> **DATA TO PROCESS**:
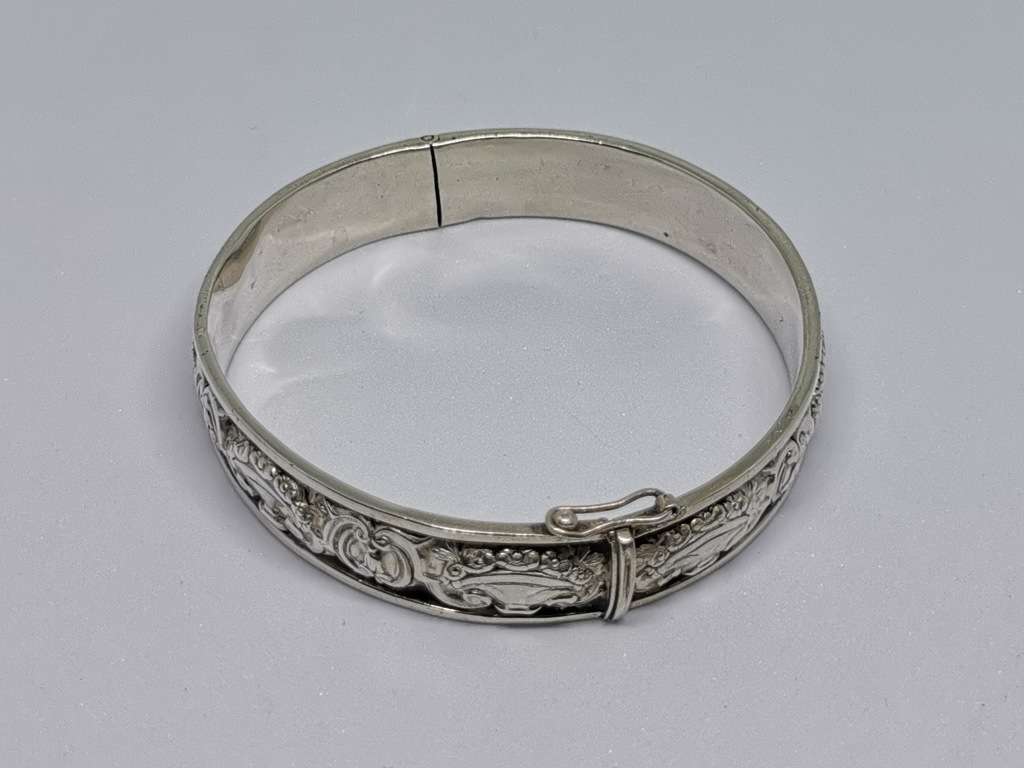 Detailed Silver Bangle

--

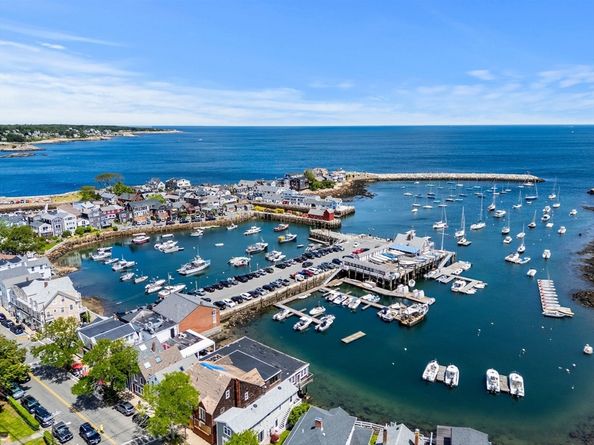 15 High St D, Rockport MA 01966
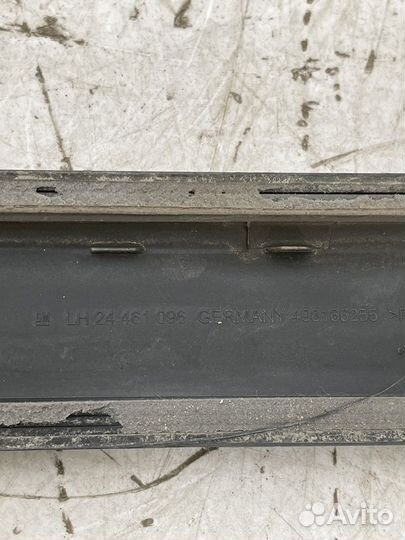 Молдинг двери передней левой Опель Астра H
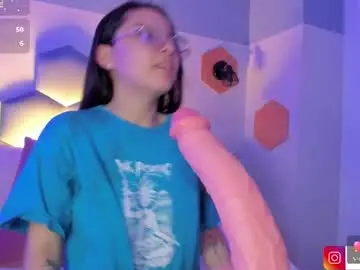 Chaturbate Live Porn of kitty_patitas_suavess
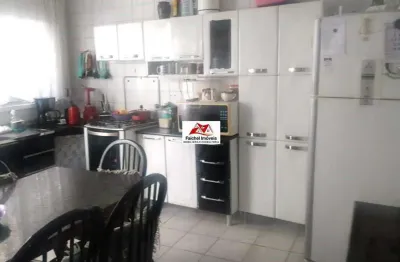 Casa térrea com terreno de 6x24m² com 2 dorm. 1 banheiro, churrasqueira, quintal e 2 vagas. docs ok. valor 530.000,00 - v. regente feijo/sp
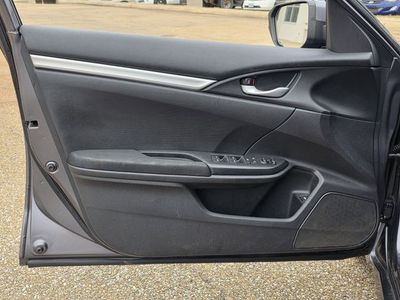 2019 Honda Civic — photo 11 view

> **TASK DIRECTIONS**: Your reply is to be an exact repeat of the listing above from the line holding "15 High St D, Rockport MA 01966" down to the line holding "2019 Honda Civic — photo 11 view", ends included, pictures excluded.

> **EXERCISE OUTPUT**:
 15 High St D, Rockport MA 01966
 Молдинг двери передней левой Опель Астра H
 Chaturbate Live Porn of kitty_patitas_suavess
 Casa térrea com terreno de 6x24m² com 2 dorm. 1 banheiro, churrasqueira, quintal e 2 vagas. docs ok. valor 530.000,00 - v. regente feijo/sp
 2019 Honda Civic — photo 11 view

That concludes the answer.